Unlock a world of possibilities! Login now and discover the exclusive benefits awaiting you.
Hi All,
Is there any way or any extension available to read data from a pdf file,
just like we use to read from other sources as excel , or db etc..
No, but there are converters from PDF to Excel.
Interesting.. Could you post an example PDF file to understand the use case?
- Ralf
Interesting. . . Could you post an example PDF file to understand the use case?
-Brijesh
PFA a sample.........
Hi Nitin,
this is quite a long road.. You can do it with a file conversion using pdftohtml.exe from Sourceforge:
// Set path of source file
Set vPath = C:\Projekte\QVPDF\;
// Set amount of columns
Set vCols = 2;
// convert PDF file to XML
EXECUTE cmd.exe /C pdftohtml.exe -xml $(vPath)sample.pdf;
// Load from XML (this is very dependent from PDF layout!)
RawData:
LOAD text%Table as value
FROM [$(vPath)sample.xml] (XmlSimple, Table is [pdf2xml/page/text]);
// Load field names from header for later renaming
HeaderMap:
Mapping First $(vCols) LOAD '@' & RecNo() as x, value as y
Resident RawData;
// build a proper input table
InputTable:
LOAD ceil(RecNo()/2)-1 as %key, if(Mod(RecNo(),2)>0, '@1', '@2') as attribute, value
Resident RawData
Where RecNo()>$(vCols);
// generic load from input table
GenTable:
Generic LOAD * Resident InputTable;
// consolidation of tables created by generic load
ResultTable:
LOAD Distinct %key Resident InputTable;
FOR i = 0 to NoOfTables()
TableList:
LOAD TableName($(i)) as Tablename AUTOGENERATE 1
WHERE WildMatch(TableName($(i)), 'GenTable.*');
NEXT i
FOR i = 1 to FieldValueCount('Tablename')

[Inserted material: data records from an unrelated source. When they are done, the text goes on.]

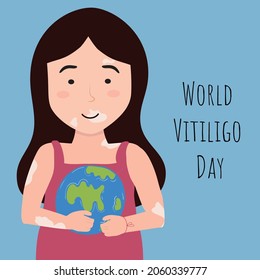 Young Girl in with Vitiligo holds Globe. World Vitiligo Day. Vector illustration Cartoon flat style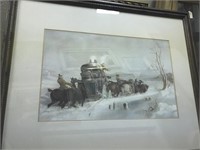 Stage Couch In Snow Framed Print 32x26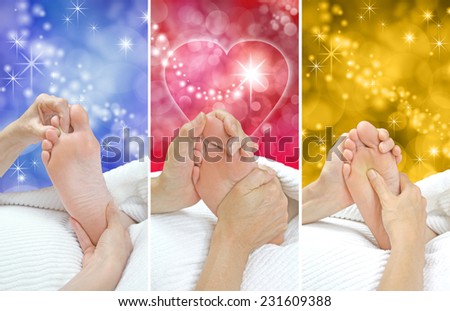 Foot Massage Christmas Gift Idea x 3 - Reflexologist holding female client\'s foot with both hands on Christmas red blue and gold bokeh backgrounds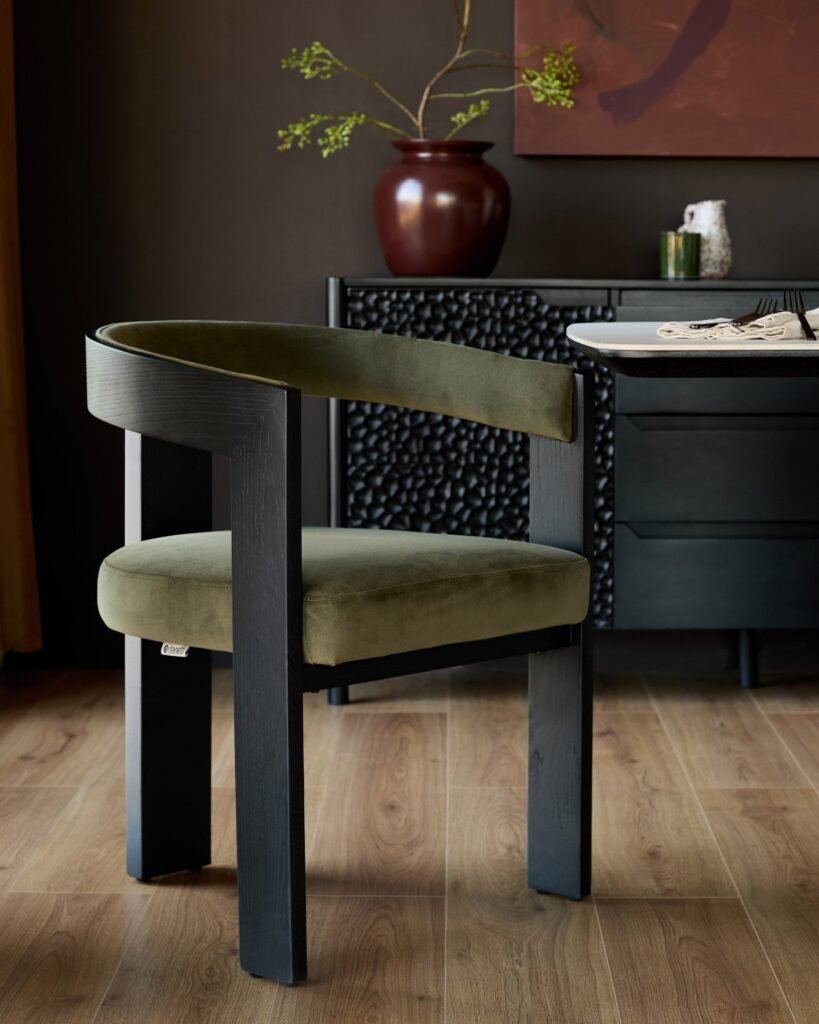 Garcia olive green velvet black wood dining chair – Dusk England Front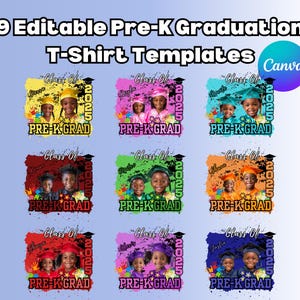 Pre-K Graduation Shirt Template for Sublimation 2025 Pre-K Graduation Template Personalized Grad Class Editable Shirt Template Canva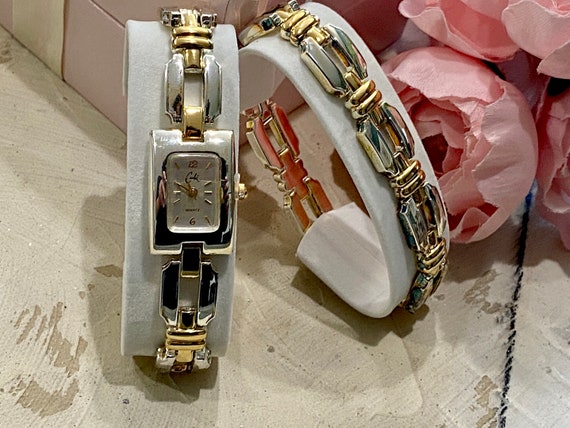 Cache Bracelet Watch Set Link Chain Quartz Silver… - image 7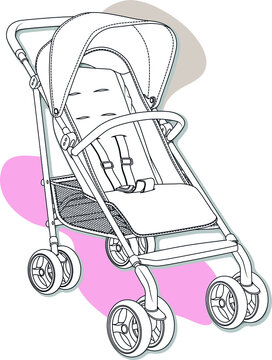 Baby pram design VECTOR. THE STROLLER flat sketch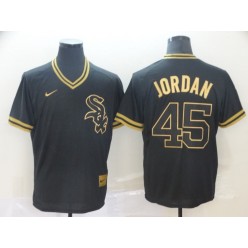MLB Chicago White Sox #45 Michael Jordan Black Gold Nike Cooperstown Collection Legend V Neck Men Jersey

LET vTable = FieldValue('Tablename', $(i));
LEFT JOIN (ResultTable) LOAD * RESIDENT [$(vTable)];
DROP TABLE [$(vTable)];
NEXT i
DROP TABLES RawData, TableList, InputTable;
RENAME Fields Using HeaderMap;
To run an external command you have to do these settings:
Open dialog by Shift-Ctrl-M:
- Ralf
HI,
I have done this to fetch data from voter list provided in government site.
As the files are in pdf format, i used a weeny free excel convertor to convert it in excel format.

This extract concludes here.